Securing the future

Today, technology has become both a transformative force and a potential source of new risk. As companies eagerly adopt tools like AI, blockchain, and cloud computing, they must also navigate a complex maze of challenges and uncertainties.

Many insurers are currently investing heavily in AI capabilities. By providing comprehensive training to employees and establishing robust governance frameworks, these companies seek to harness the power of AI-driven models and decision- making processes. However, the path to AI adoption is not without obstacles.

According to a 2024 KPMG survey on GenAI across industries, cybersecurity (79%) and data quality (66%) are key areas of risk mitigation. From a technology risk perspective, insurance companies are investing in governance, risk, and compliance (GRC) platforms to be used across the first, second, and third lines of defense. This enables identifying risks quickly across the company.

One of the most daunting challenges in this context is the risk of systemic cyber catastrophes. The growing consolidation of technology services and platforms means that a single cyberattack or outage can have cascading effects across sectors. Insurers must therefore understand and mitigate the potential aggregation risk stemming from interconnected systems. This requires managing not only third-party risks but also “nth party” risks associated with the extended network of third-party relationships.
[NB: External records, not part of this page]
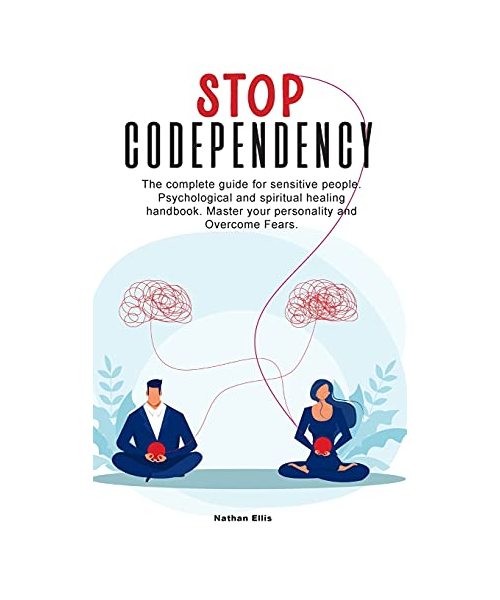 Stop Codependency: The complete guide for sensitive people. Psychological and spiritual healing handbook. Master your personality and Overcome Fears.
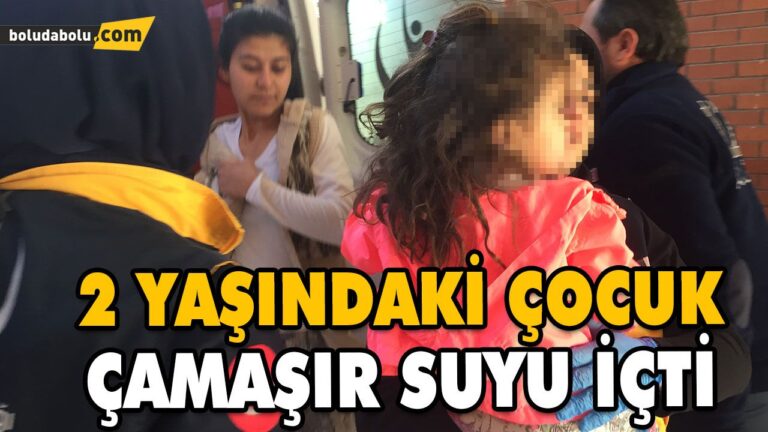 2 YAŞINDAKİ ÇOCUK ÇAMAŞIR SUYU İÇTİ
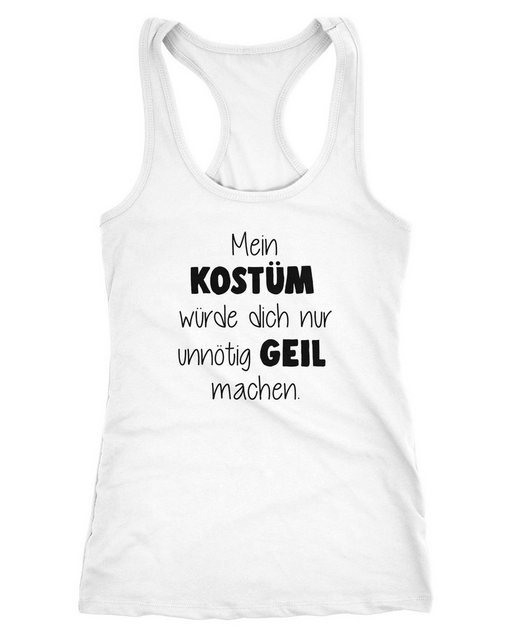 MoonWorks Tanktop Damen Tanktop Fasching Spruch Mein Kostüm würde dich nur günstig online kaufen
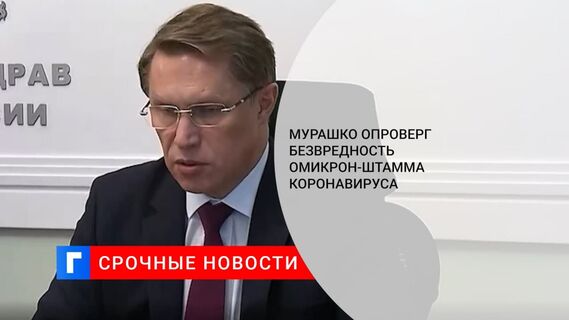 Глава Минздрава Мурашко: омикрон-штамм не дает менее тяжелого течения болезни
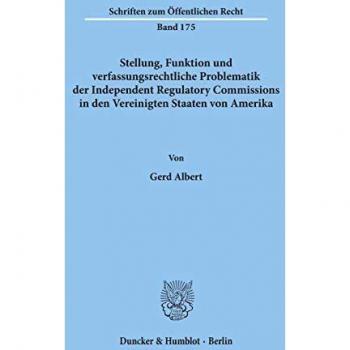 Stellung Funktion und verfassungsrechtliche Problematik der Independent Regulatory Commissions in den Vereinigten Staaten von Amerika.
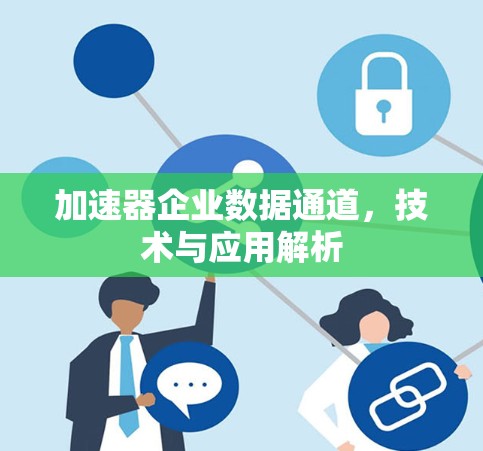 加速器企业数据通道，技术与应用解析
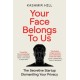 Your Face Belongs to Us: The Secretive Startup Dismantling Your Privacy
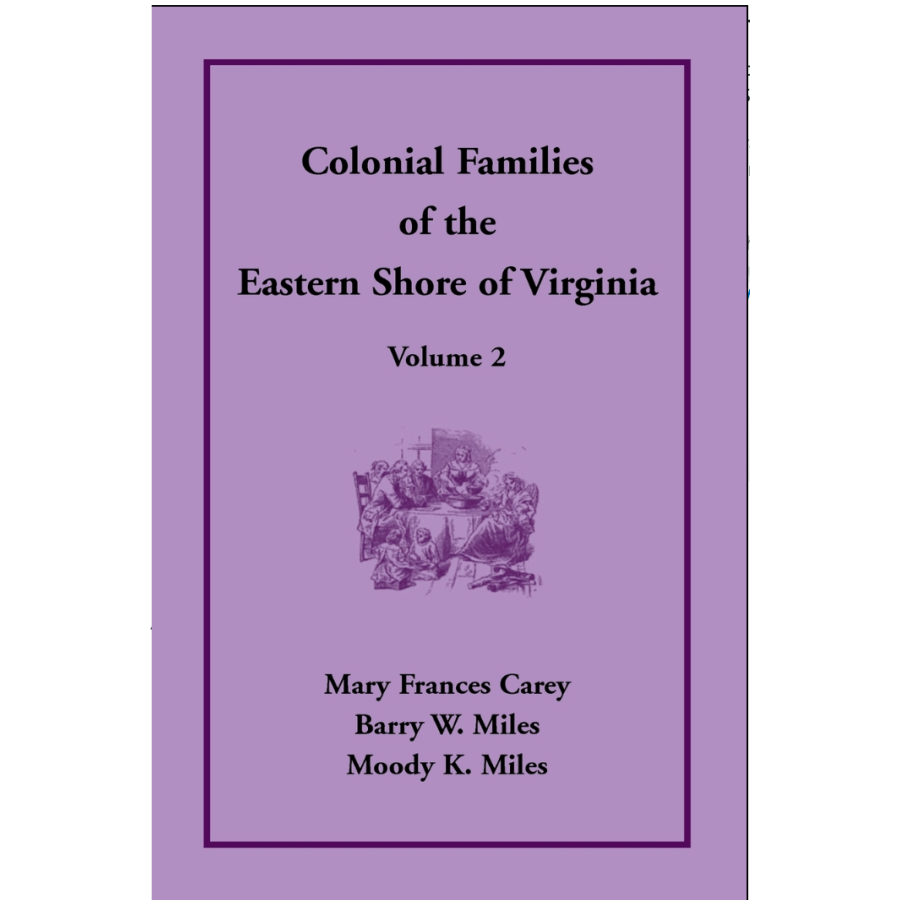 Colonial Families of the Eastern Shore of Virginia, Volume 2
The rapid growth of the cyber insurance market presents both an opportunity and a challenge for insurers. While this market offers growth potential, insurers need a thorough understanding of the underlying risks and exposures. They must balance the need to provide comprehensive coverage with the necessity of managing the risk exposure in the face of constantly evolving cyber threats.

The role of risk management in the insurance industry is undergoing a remarkable shift, transitioning from a primarily compliance-oriented function to a strategic partner in decision-making. This transformation is driven by the increasing recognition that effective risk management is essential not only for meeting regulatory requirements but also for driving business success.

To achieve this strategic role, risk management teams are working to gain senior management buy-in by demonstrating their value in enabling informed decisions. This involves developing lean but influential teams with direct reporting lines to the CEO and translating complex risk concepts into business-friendly metrics that resonate with senior management.

Keeping pace with the constantly evolving regulations across multiple jurisdictions is a crucial challenge. Regulatory compliance is the second-highest rated risk for insurance companies after cyber/data privacy. Even seemingly immaterial countries/jurisdictions can cause an exponential increase in regulatory compliance workloads. However, by leveraging technology and streamlining processes, risk teams can efficiently meet these requirements while also focusing on strategic initiatives.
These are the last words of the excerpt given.